[[ Raw data, beginning ]]
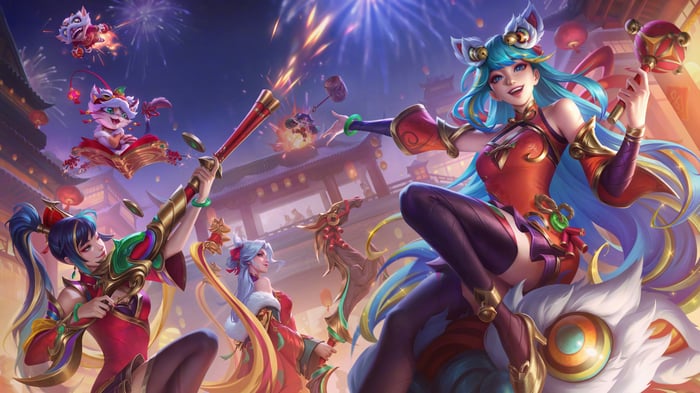 League of Legends Firecracker Characters Celebrating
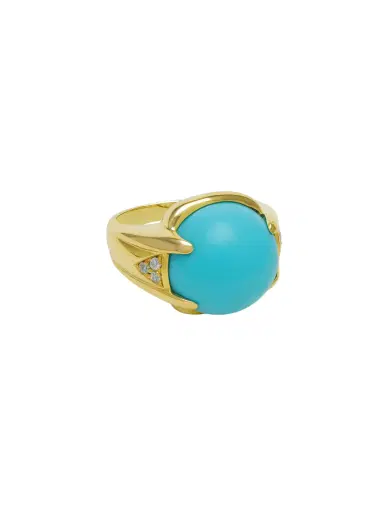 Wish Fine Jewelry 6.77ct Diamond Turquoise 14K Gold Cocktail Ring | Thumbnail 2 Wish Fine Jewelry 6.77ct Diamond Turquoise 14K Gold Cocktail Ring | Thumbnail 2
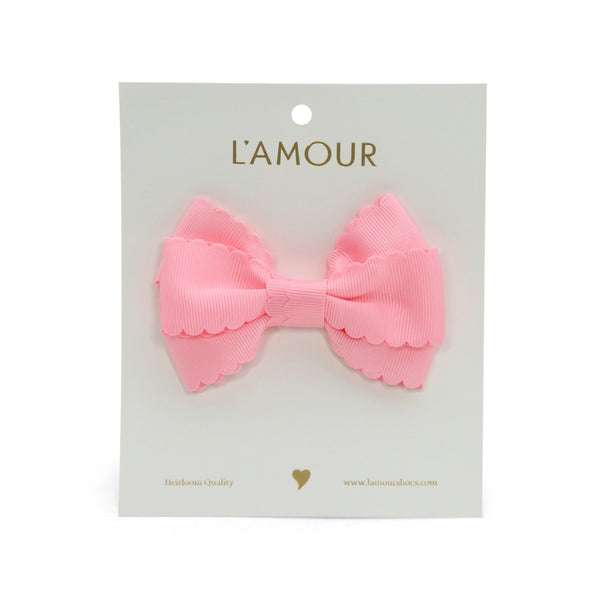 Grosgrain Scalloped Bow Hair Clip (Pink) – L'Amour Shoes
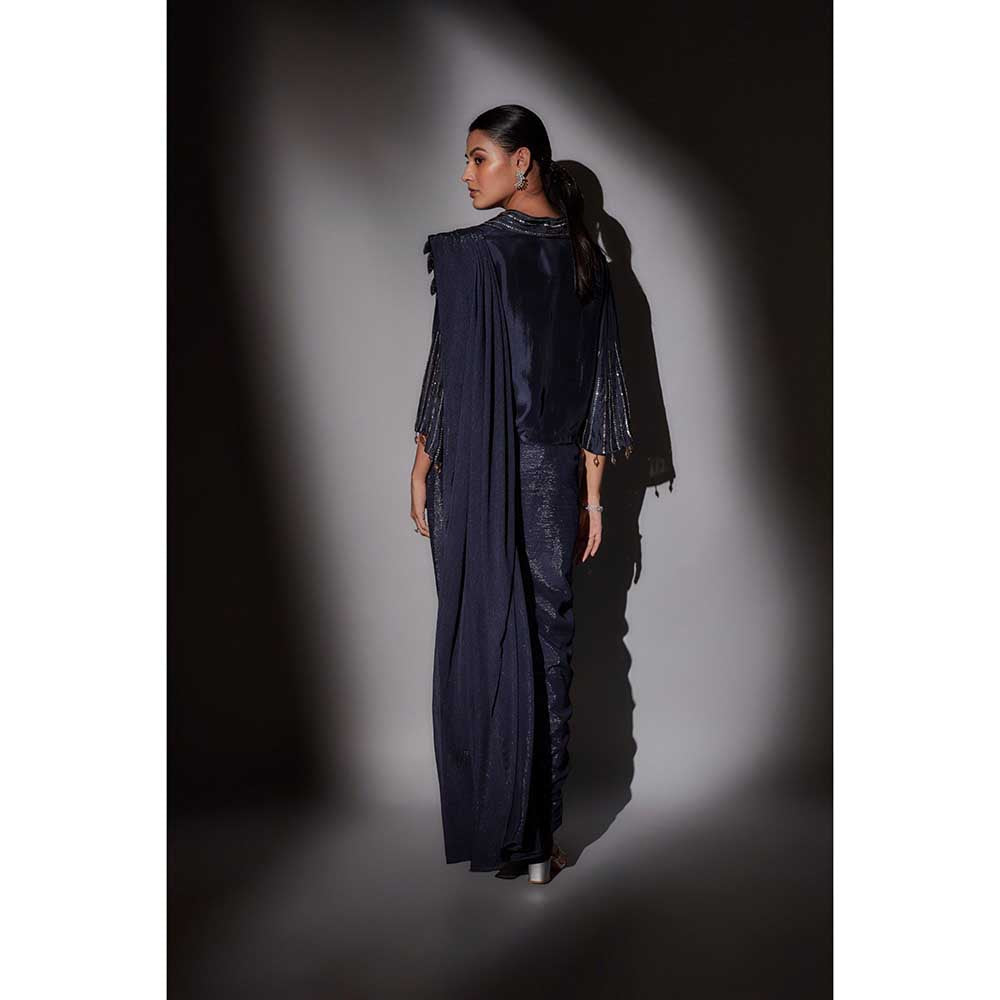 Ajiesh Oberoi Navy Blue Richa Bohemian Inspired Pre Draped Saree with Stitched Blouse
[[ Raw data, end ]]
What the task requires. Skipping any pictures, transcribe the full listing exactly.

Solved problem.
 League of Legends Firecracker Characters Celebrating
 Wish Fine Jewelry 6.77ct Diamond Turquoise 14K Gold Cocktail Ring | Thumbnail 2 Wish Fine Jewelry 6.77ct Diamond Turquoise 14K Gold Cocktail Ring | Thumbnail 2
 Grosgrain Scalloped Bow Hair Clip (Pink) – L'Amour Shoes
 Ajiesh Oberoi Navy Blue Richa Bohemian Inspired Pre Draped Saree with Stitched Blouse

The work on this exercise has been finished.